This week's Closet Thinker from the Telegraph (posted late, for which I apologise); shoes from Alexander McQueen (sadly sold out at net-a-porter, but please tell if you find anything similar on the High Street -- black roses, silver heels and perspex -- v. clever):
A century ago the Italian poet Filippo Tommaso Marinetti launched his Manifesto of Futurism, a startling document published on the front page of Le Figaro in February 1909. The Futurists, he declared, would celebrate ‘a new beauty, the beauty of speed’; the movement’s artists would ‘glorify war – the world’s only hygiene’, and sweep away the art forms of previous generation, in a triumphant uprising of youth: ‘For too long has Italy been a dealer in second-hand clothes. We will free Italy from her innumerable museums which cover her like countless cemeteries.’

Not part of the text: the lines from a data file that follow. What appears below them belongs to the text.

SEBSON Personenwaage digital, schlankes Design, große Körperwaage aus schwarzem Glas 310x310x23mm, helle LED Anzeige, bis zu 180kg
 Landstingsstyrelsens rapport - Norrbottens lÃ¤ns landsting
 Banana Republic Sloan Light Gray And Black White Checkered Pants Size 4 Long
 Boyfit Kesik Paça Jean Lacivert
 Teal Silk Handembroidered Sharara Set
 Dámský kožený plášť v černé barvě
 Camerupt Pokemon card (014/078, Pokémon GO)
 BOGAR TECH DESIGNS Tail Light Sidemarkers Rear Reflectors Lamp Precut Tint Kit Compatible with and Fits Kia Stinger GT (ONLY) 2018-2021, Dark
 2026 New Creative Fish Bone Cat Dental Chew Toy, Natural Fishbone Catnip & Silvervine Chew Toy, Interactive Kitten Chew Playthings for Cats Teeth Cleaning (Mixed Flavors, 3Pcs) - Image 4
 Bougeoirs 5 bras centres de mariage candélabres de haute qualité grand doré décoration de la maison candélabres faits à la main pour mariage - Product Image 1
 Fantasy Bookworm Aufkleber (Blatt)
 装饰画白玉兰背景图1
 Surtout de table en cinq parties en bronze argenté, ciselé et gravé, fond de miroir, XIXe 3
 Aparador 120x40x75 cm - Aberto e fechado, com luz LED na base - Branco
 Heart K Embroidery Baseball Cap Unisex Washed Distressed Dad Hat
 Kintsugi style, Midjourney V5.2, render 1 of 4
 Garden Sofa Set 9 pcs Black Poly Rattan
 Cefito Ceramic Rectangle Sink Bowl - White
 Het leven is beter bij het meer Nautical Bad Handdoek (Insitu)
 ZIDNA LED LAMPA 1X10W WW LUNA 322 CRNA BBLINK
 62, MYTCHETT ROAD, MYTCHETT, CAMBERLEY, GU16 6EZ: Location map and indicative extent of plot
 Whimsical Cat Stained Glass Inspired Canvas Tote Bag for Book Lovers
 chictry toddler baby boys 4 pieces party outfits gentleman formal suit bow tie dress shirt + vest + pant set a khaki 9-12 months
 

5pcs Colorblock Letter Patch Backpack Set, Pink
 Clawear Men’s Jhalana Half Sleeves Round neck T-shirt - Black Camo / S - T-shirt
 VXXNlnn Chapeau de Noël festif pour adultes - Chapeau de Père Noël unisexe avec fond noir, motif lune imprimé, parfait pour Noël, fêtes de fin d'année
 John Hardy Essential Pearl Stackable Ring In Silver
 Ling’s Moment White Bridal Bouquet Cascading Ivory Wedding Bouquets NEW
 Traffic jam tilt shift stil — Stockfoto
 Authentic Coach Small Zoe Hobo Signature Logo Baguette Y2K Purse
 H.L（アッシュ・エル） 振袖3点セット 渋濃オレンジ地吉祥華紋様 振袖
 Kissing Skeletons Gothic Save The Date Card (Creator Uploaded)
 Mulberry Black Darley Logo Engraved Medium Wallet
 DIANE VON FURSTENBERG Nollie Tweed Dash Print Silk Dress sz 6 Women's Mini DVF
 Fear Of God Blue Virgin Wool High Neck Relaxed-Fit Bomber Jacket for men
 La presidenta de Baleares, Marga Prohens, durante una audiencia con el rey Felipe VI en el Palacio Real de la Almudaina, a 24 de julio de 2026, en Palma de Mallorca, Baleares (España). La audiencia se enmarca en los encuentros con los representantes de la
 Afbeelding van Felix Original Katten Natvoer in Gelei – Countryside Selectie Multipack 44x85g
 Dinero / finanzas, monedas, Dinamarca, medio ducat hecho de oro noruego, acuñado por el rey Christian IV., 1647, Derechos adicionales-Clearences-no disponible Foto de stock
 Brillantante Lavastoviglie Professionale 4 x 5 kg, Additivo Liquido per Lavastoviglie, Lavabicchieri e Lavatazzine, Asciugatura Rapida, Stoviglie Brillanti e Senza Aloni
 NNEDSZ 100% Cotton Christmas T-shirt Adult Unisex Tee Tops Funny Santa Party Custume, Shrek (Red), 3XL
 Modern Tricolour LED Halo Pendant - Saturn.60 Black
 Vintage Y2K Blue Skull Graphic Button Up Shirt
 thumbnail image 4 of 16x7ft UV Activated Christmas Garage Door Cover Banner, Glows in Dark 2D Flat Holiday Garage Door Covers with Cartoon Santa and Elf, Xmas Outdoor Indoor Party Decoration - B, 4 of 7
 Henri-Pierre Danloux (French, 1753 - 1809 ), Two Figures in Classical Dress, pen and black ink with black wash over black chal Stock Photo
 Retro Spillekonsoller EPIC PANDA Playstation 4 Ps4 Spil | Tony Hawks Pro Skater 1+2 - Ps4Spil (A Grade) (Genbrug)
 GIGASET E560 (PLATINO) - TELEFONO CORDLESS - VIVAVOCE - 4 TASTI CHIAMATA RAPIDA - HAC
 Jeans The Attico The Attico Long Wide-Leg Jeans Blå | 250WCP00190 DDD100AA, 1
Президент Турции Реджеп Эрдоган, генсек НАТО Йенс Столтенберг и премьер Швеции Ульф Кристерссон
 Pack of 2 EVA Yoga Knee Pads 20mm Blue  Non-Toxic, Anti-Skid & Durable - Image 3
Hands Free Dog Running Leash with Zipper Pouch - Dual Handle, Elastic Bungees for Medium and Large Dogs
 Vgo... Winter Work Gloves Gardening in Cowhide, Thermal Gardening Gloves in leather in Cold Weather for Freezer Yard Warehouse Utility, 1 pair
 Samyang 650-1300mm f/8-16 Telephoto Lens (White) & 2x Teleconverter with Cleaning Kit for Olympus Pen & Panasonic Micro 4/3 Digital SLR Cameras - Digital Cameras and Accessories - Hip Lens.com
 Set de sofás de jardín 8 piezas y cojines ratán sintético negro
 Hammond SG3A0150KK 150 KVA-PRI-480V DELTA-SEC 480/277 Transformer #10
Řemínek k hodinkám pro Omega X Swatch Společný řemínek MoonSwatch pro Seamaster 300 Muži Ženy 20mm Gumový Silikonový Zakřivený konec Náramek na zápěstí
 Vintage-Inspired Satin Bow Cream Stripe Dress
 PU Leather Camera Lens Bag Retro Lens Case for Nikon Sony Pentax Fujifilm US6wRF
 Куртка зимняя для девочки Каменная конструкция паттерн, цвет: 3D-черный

An early member of the Italian Fascist Party, Marinetti went on to support Mussolini; but his politics seem not to have deterred a number of contemporary fashion designers from citing Futurism in their current collections. Who knows whether they’ve embarked upon an in-depth study of the Manifesto – a document that will presumably be available at the Tate Modern when its Futurism exhibition opens next week – but it does provide a context for several leading designers’ work this season. Missoni’s spring/summer collection includes prints inspired by Italian Futurist art (in particular Dottori’s ‘aero-paintings’); and the hi-tech futurism displayed at Calvin Klein, Yves St Laurent, Gareth Pugh and Alexander McQueen seems of a piece with Marinetti’s advocacy of technological innovation and slick urban industry. “We want no part of it, the past,” he wrote in his Manifesto, “we the young and strong Futurists!”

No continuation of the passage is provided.